What you have to do: Carry over every entry exactly as written, though not the pictures it contains.

[Extracted records]
----------
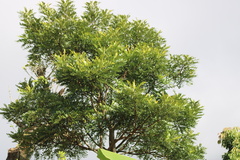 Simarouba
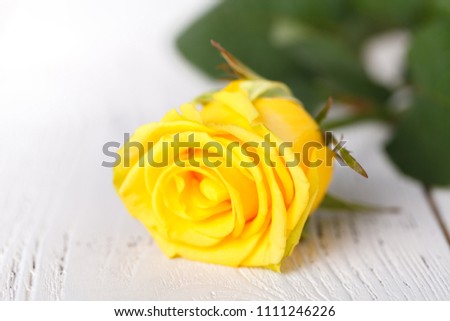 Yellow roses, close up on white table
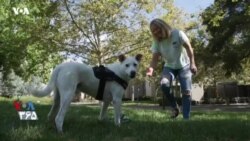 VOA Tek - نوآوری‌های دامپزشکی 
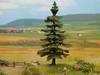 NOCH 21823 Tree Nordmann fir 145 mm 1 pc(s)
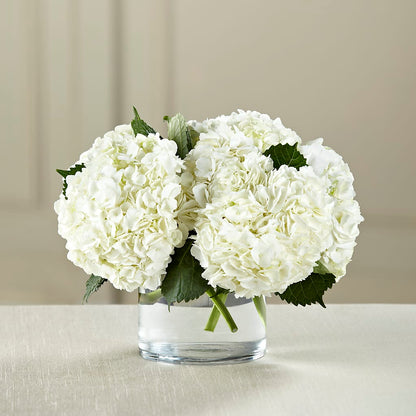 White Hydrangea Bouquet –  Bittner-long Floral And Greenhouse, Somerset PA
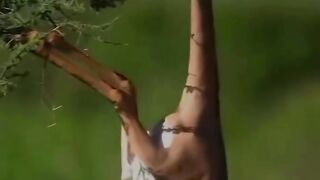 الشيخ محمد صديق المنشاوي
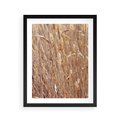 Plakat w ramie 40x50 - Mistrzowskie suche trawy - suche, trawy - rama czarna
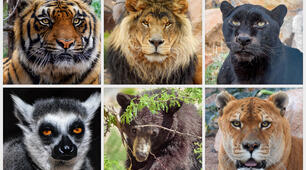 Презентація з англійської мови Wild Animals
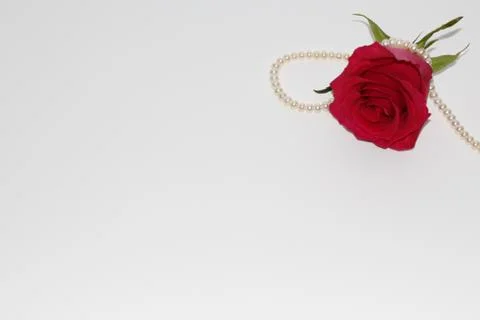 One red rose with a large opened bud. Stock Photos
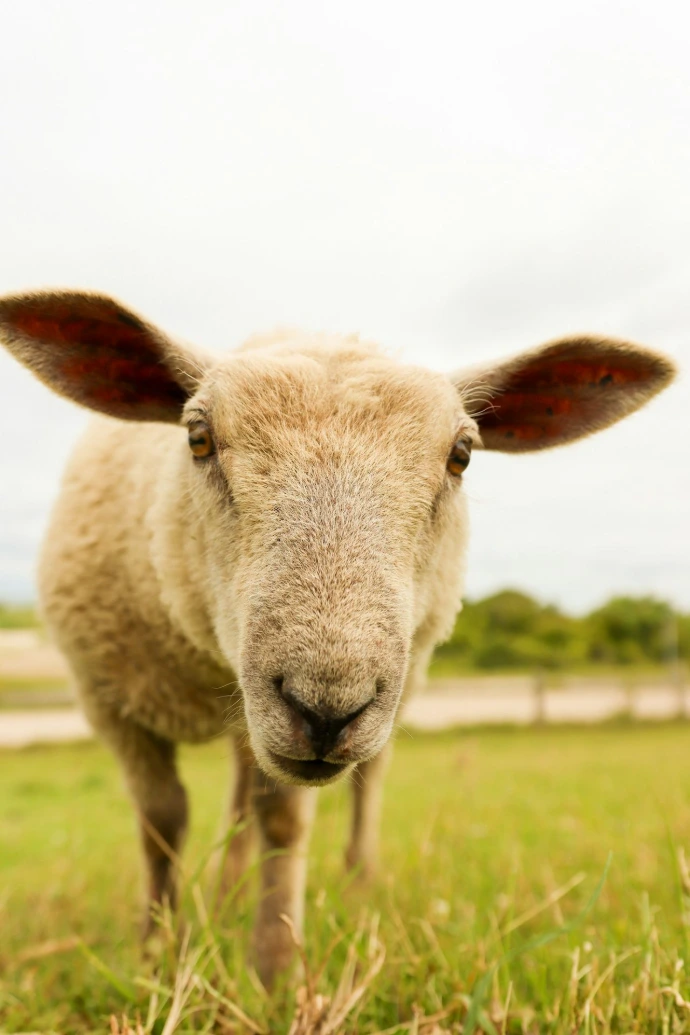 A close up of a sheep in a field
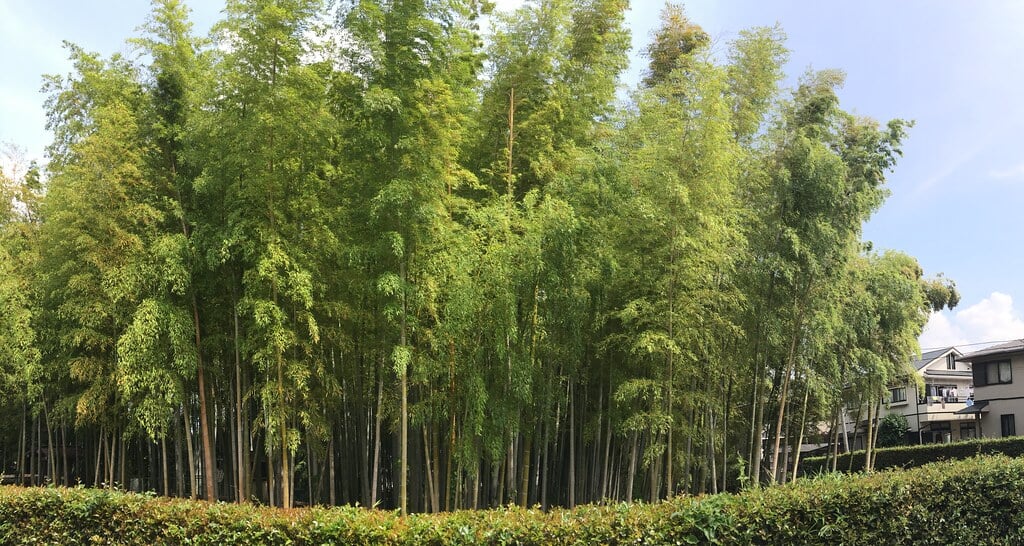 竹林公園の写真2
----------
Output of the exercise:
 Simarouba
 Yellow roses, close up on white table
 VOA Tek - نوآوری‌های دامپزشکی 
 NOCH 21823 Tree Nordmann fir 145 mm 1 pc(s)
 White Hydrangea Bouquet –  Bittner-long Floral And Greenhouse, Somerset PA
 الشيخ محمد صديق المنشاوي
 Plakat w ramie 40x50 - Mistrzowskie suche trawy - suche, trawy - rama czarna
 Презентація з англійської мови Wild Animals
 One red rose with a large opened bud. Stock Photos
 A close up of a sheep in a field
 竹林公園の写真2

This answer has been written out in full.